New Delhi Road Tech Summit Charts Path to Eco-Smart Travel
At a time when India’s infrastructure push is reshaping urban mobility, the second edition of the Roads and Highways Summit in New Delhi spotlighted a new frontier: how advanced technologies and sustainable practices can revolutionise road development. Officials and industry experts convened to address the future of India’s 63 lakh kilometre road network, focusing on the expansion of national highways and the integration of intelligent systems that promise both efficiency and ecological responsibility. As India continues its journey toward green growth, the summit presented critical insights on financing models, technological innovation, and equitable infrastructure planning.
The national highways, which carry half the country’s traffic load, have grown by over 60 percent since 2014. However, as cities swell and freight corridors expand, the emphasis is no longer just on adding kilometres but on ensuring resilience, digital integration, and low-carbon construction.

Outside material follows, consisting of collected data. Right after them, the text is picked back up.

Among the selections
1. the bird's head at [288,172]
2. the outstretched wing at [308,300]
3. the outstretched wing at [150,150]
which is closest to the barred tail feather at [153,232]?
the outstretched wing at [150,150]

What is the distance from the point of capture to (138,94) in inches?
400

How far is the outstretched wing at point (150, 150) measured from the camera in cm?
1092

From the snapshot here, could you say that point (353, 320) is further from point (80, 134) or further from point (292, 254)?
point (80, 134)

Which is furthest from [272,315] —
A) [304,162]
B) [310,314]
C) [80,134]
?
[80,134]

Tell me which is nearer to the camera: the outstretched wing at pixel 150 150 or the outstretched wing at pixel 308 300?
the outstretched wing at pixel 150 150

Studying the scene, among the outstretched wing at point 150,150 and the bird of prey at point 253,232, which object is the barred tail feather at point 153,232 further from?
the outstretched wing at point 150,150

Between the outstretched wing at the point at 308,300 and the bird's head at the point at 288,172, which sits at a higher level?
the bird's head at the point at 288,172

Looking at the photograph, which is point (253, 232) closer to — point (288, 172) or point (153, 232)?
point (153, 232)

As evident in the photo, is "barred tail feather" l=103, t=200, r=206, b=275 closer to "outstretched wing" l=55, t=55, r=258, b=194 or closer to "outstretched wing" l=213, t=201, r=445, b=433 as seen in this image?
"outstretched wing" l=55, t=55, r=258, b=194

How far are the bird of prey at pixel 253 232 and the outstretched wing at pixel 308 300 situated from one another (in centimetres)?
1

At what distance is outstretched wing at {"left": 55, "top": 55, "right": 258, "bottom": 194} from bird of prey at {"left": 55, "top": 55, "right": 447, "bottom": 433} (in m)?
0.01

Participants at the summit debated whether tools like digital twins, robotics, and AI can significantly cut project delays, reduce emissions, and improve safety. While many hailed these tools as transformative, experts cautioned that technology without inclusive policy may deepen access divides, especially in rural and peri-urban regions. Discussions also centred around the viability of hybrid funding models, such as Infrastructure Investment Trusts and the Toll-Operate-Transfer mechanism. Reviving the Build-Operate-Transfer model—once the backbone of Indian highway expansion—was highlighted as essential to balancing public-private risk and attracting green capital.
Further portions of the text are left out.